Implement banking, knapsack, and pagination tasks

Problem A — Banking system command processor

Implement an in-memory banking system that processes a sequence of commands in timestamp order.

Entities

• Account identified by a unique string accountId .
• Balance is a non-negative integer amount.

Commands (examples shown; you may define an equivalent input format)

1. CREATE accountId
   • Create a new account with balance 0.
   • If the account already exists, the command should be handled deterministically (e.g., ignore or error).
2. DEPOSIT accountId amount
   • Add amount to the account.
3. TRANSFER fromId toId amount
   • Move funds from fromId to toId if sufficient funds exist.
4. TOP_SPENDERS k
   • Return the top k accounts ranked by total outgoing spend (e.g., sum of successful TRANSFER amounts sent by the account). Define deterministic tie-breaking (e.g., by accountId ).
5. SCHEDULE_PAYMENT fromId toId amount executeAt
   • Schedule a delayed transfer to run at time executeAt .
   • Scheduled payments should execute automatically at/after their scheduled time when processing later commands.
6. CANCEL_PAYMENT paymentId
   • Cancel a previously scheduled payment if it has not executed.
7. MERGE targetId sourceId
   • Merge sourceId into targetId :
     • targetId receives sourceId ’s remaining balance.
     • Define what happens to scheduled payments involving sourceId (e.g., re-point to targetId , or cancel), and ensure the behavior is consistent.
8. BALANCE accountId
   • Output the current balance.

Output

Return outputs for query-like commands (e.g., TOP_SPENDERS, BALANCE, possibly errors) in the order encountered.

Notes / constraints

• Assume up to large numbers of commands; aim for efficient data structures.
• Clearly define edge-case behavior (invalid accounts, negative amounts, cancel-after-execute, merge semantics, etc.).

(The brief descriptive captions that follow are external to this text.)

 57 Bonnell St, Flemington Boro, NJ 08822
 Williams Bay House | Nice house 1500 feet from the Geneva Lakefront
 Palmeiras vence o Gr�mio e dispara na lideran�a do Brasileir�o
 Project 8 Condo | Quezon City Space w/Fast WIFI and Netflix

Problem B — Max-fee transaction packing (0/1 knapsack)

You are given N transactions, each with:

• id (unique identifier)
• size (positive integer)
• fee (non-negative integer)

You have a fixed block size limit of 100 (i.e., total size of chosen transactions must be <= 100).

Task

Choose a subset of transactions to maximize total fee.

Output

• Return the maximum achievable total fee.
• If required, also return one optimal chosen set of id s with a deterministic tie-break rule (e.g., smallest number of transactions; then lexicographically smallest list of ids).

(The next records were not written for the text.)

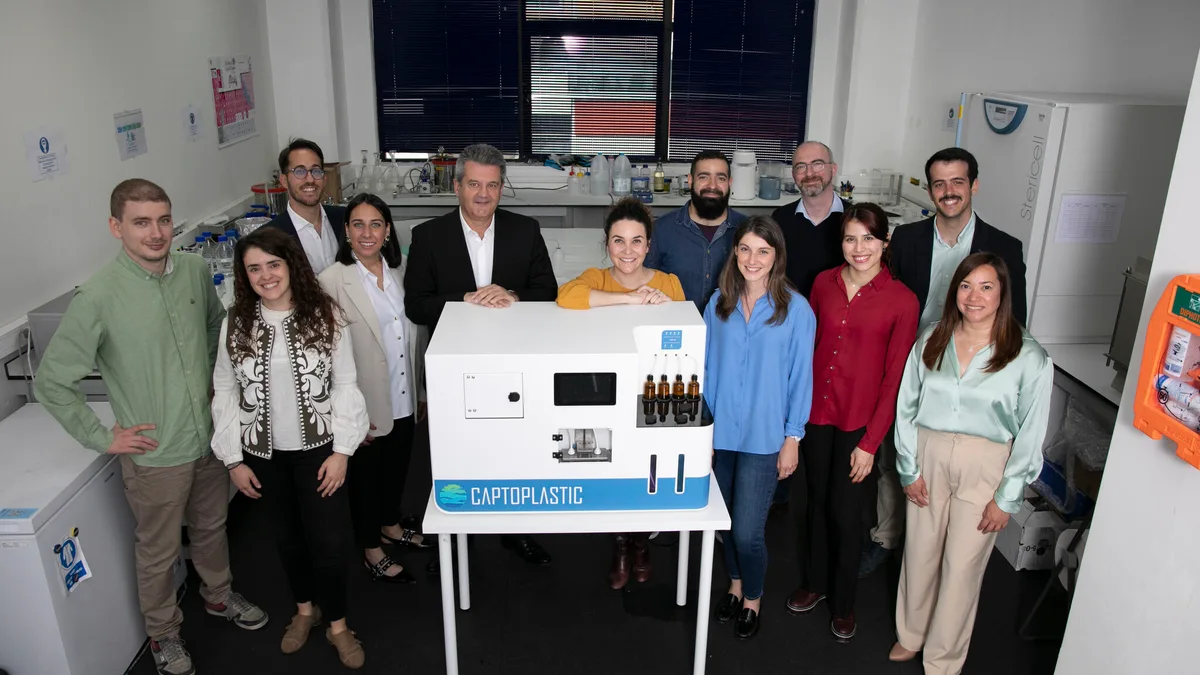 Captoplastic: la startup que captura microplásticos del agua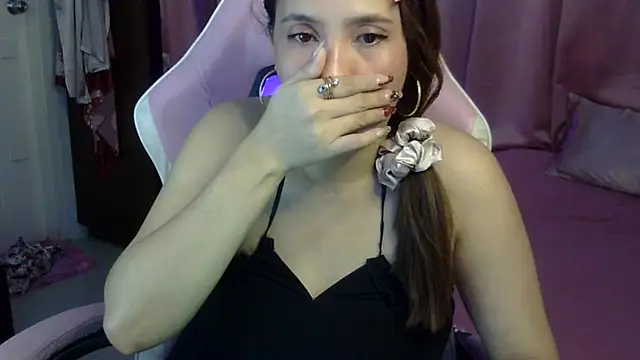 Snapshot of yourbabe_Brielle chatting on February 8, 11:12 am yourbabe Brielle online show from February 8, 11:12 am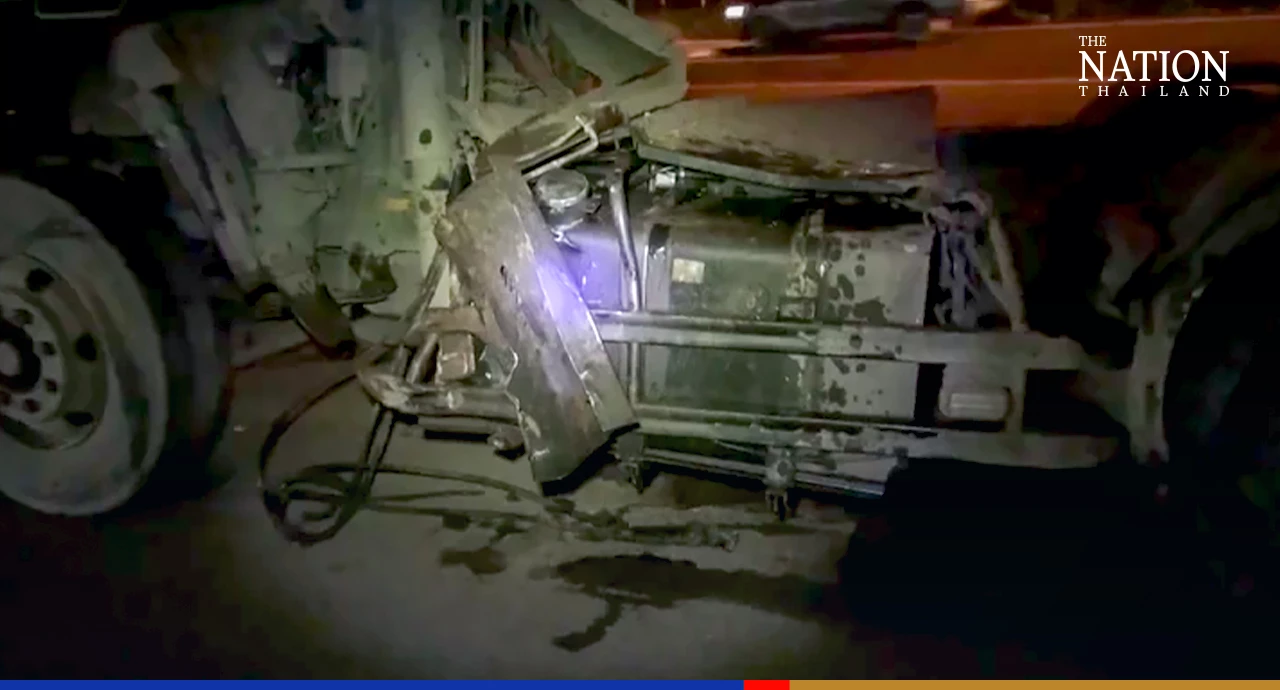 15,000 litre fuel container flips into ditch, sparking explosion fears in Prachinburi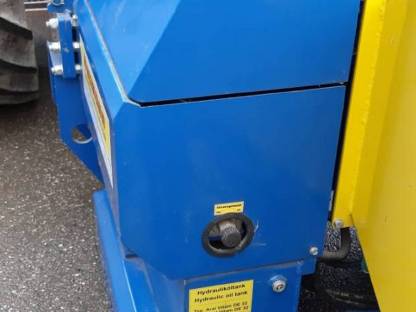 Bild 4:Holzhacker Husmann H10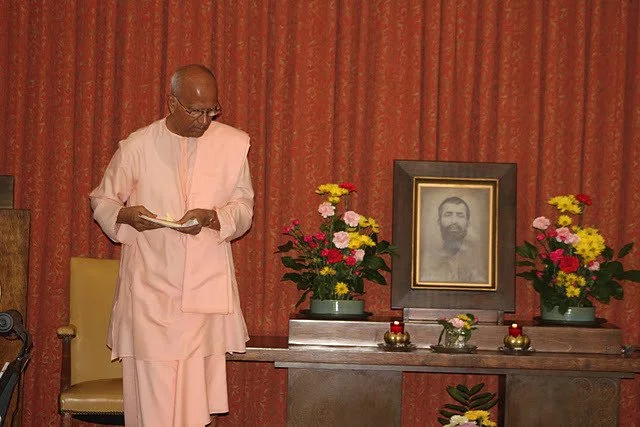 VISIT OF SWAMI CHETANANANDAJI ON OCTOBER 30, 2011 6.jpeg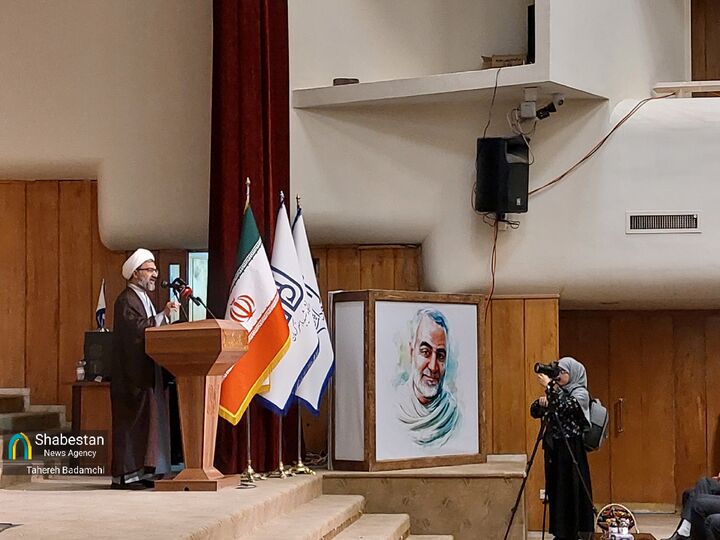 عدم دفاع صریح از مبانی دینی دشمن را وسوسه به نفوذ و بدنه جامعه را دچار تردید می‌کند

Problem C — Design and implement a pagination utility

Design an interface and implement a pagination helper over an in-memory collection.

Requirements

• Input: a list/array of items (you can assume strings or objects with id ).
• Support pageSize and returning items page-by-page.
• Your design should specify function/class signatures (e.g., getPage(pageNumber) , or cursor-based next(cursor) returning (items, nextCursor) ), including inputs/outputs.

Constraints / considerations

• Handle edge cases (empty list, last page, invalid page token).
• Discuss tradeoffs between offset-based pagination and cursor-based pagination.
• If you choose cursor-based pagination, define how the cursor is generated and validated.